Scheduled with the ENT.  (I have to type it as ENT, not Ent–otherwise I has visions of Treebeard poking twiggy fingers into Mark’s ear).

Hastily rescheduled Friday morning after a sobbing Mark called from school that the 2 PM appointment overlapped the school Halloween costume parade.

ENT:  “Okay, Mark, let’s get that bead out.”

Mark:  “Will this take long?  The costume parade is at 2:30.”

ENT:  “Not if you hold still.”


ENT:  “Oooaaaakkky.  It’s crumbling, so not a bead.”

Mark (indignantly):  “I did NOT put a bead in my ear.”

ENT:  “I think it’s play-doh.”

Mark:  “Oh.  That.”

(Inside my head):  The paper wad up the nose.  Now this.  You’re out of easy-to-retrieve-from orifices, kid.

In the car:

Me:  “How DID you end up with play-doh in your ear?”

Mark:  “I sleepwalk.”

Badly Behaved Parents at Paul’s Graduation

So eldest child graduated from high school on Monday…

I’d like to say we were all well behaved and considerate of the solemn occasion.  Well, most of us were.  Mark, Kate, and Sam brought books and read during the ceremony, so they were quiet if not actually attentive.  Paul’s grandparents were well-behaved and used their grandparental privilege to snag a little nap after Paul crossed the stage.

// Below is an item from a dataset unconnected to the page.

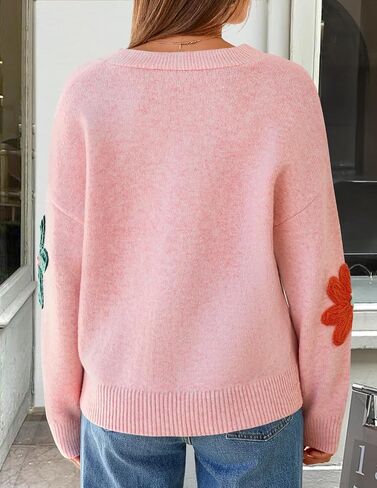 Zesica Womens Fall Floral Cardigan Subsigan 2025 غير رسمي طويل الأكمام مفتوحة زر الأمامي لأسفل V سترة متماسكة in Saudi Arabia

Paul’s parents, however, whispered together snarkily the whole time.  Sorry, people sitting around us.  There were too many absurdities, I guess, and maybe a little self-delusion that we couldn’t possibly be old enough to have a child graduating from high school by acting juvenile.

Such as:  “I didn’t know ‘videographer’ meant ‘playing video games on one screen, in full view of the audience, while filming the ceremony on the other.’  It’s true what they say.  Ya learn something new every day.”

Then there was the chamber choir rendition of the John Lennon song, which sent Brian and I off into fits of choked giggles whilst imagining which of our cherished high school rebellion music would be slated for such treatment.  Guns and Roses’ ‘Sweet Child of Mine’?  Jon Bon Jovi’s ‘You Give Love a Bad Name’?  Madonna’s ‘Circle in the Sand’?  AC/DC?  Poison?  Twisted Sister?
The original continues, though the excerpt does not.